1. The problem statement, all variables and given/known data

I have 3 functions which define 3 constraints:
A(x,y,z)=0 (nonlinear)
B(y,z)=y-z=0
C(w,x,y,z)=w-(x+y+z)=0

I'm asked to calculate the partial of a function h, with respect to the variable w; with h=h(x,y,z).

2. Relevant equations
A(x,y,z)=0 (nonlinear)
B(y,z)=y-z=0
C(w,x,y,z)=w-(x+y+z)=0

3. The attempt at a solution

a. With B, make y=z in all of the equations:
A(x,y)=0 (no lineal)
C(w,x,y)=w-(x+2y)=0
h=h(x,y,y)=h(x,y)

b. The subindex point out the variable of the partial; apply the chain rule
h_w = h_x * x_w + h_y * y_w,

c. For the partial derivatives x_w and y_w we can use the implicit function theorem:

x_w = - C_w / C_x = 1,
y_w = - C_w / C_y = 1/2
with C_w = \frac{\partial C}{\partial w}, etc

Doubt: if I make y=z at first the result if different from the case I make y=z at the end. What case is the correct?

Simplied example:
h(x,y)=f(x)+g(y); the constraint is x=y; and w=x+y.

a. Making x=y at the end
h_w = f_x * x_w + g_y * y_w = f(x)_x + g(y)_y
x=y,
h_w = f(x)_x + g(x)_x

b. Making x=y at first. The variable w=2x, h(x,x) = f(x) + g(x)
h_w = f_x * x_w + g_x * x_w
x_w = 1/2
h_w = 0.5 f(x)_x + 0.5 g(x)_x

Which is the correct?

Greetings!

2. Jun 7, 2015

### Ray Vickson

You can write three equations:
$$A_x dx + A_y dy + A_z dz = 0\\ dy - dz = 0\\ dw - dx - dy - dz = 0$$
Solving for $dx, dy, dz$ in terms of $dw$ allows you to express $dh = h_x dx + h_y dy + h_z dz$ solely in terms of $dw$.

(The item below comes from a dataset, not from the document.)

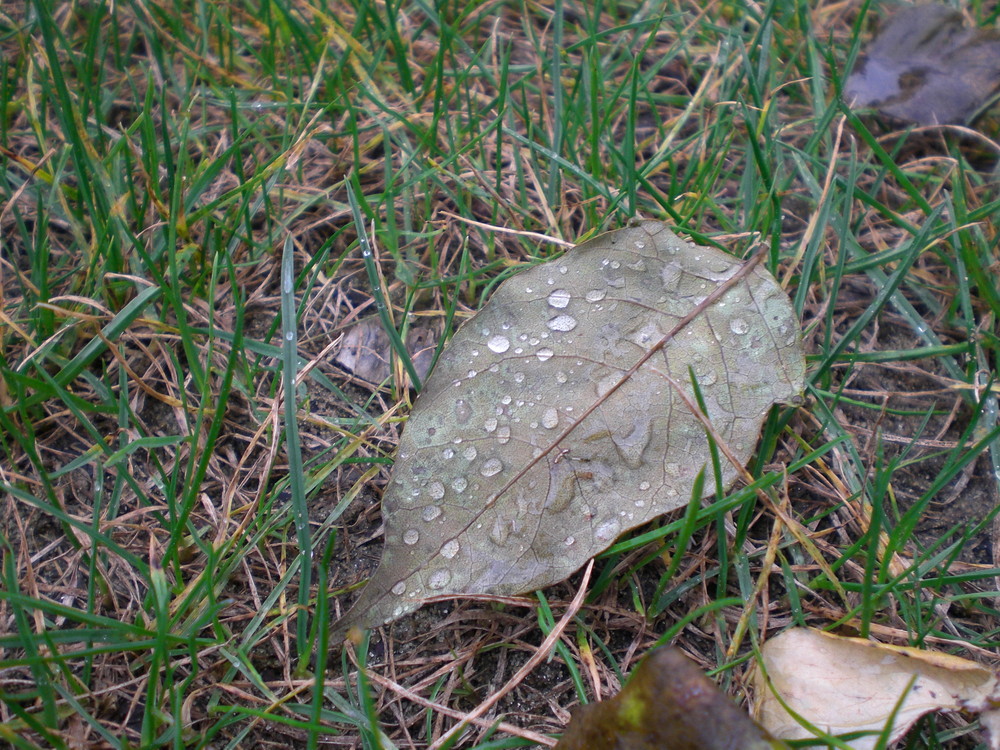 blatt im regen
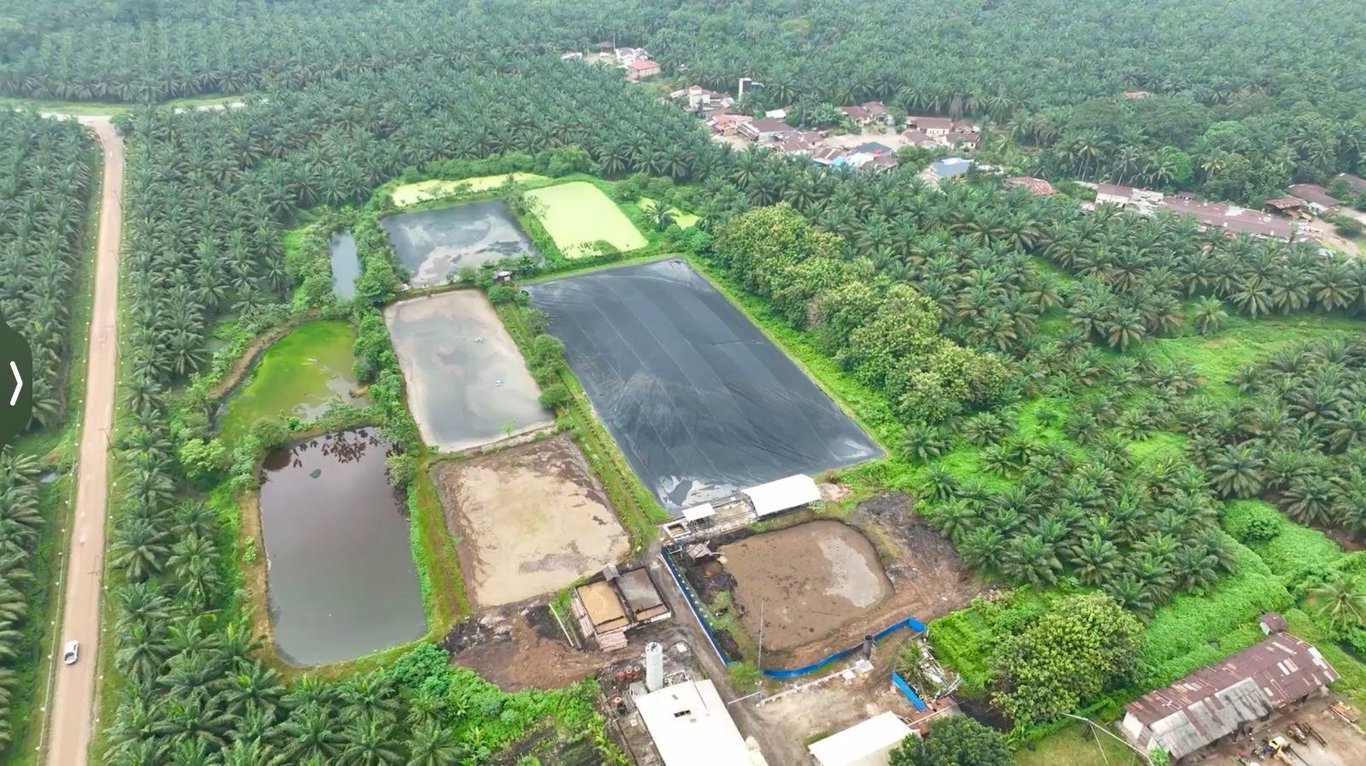 Hadapi Gejolak Energi Global, Holding Perkebunan Nusantara Andalkan PLTBg PalmCo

If you don't like using $dv$ on a variable $v$, think instead of a finite, but small, increment $\Delta v$ and first-order Taylor expansions in terms of $\Delta x, \, \Delta y, \, \Delta z, \, \Delta w$. You want the first-order Taylor expansion of $h(x,y,z)$ in terms of $\Delta w$.

Solvability of the linear system above requires a condition on $A(x,y,z)$; that is the same condition needed for applicability of the implicit function theorem to the multivariate linear system $F_i(x,y,z,w) = 0, i = 1,2,3$.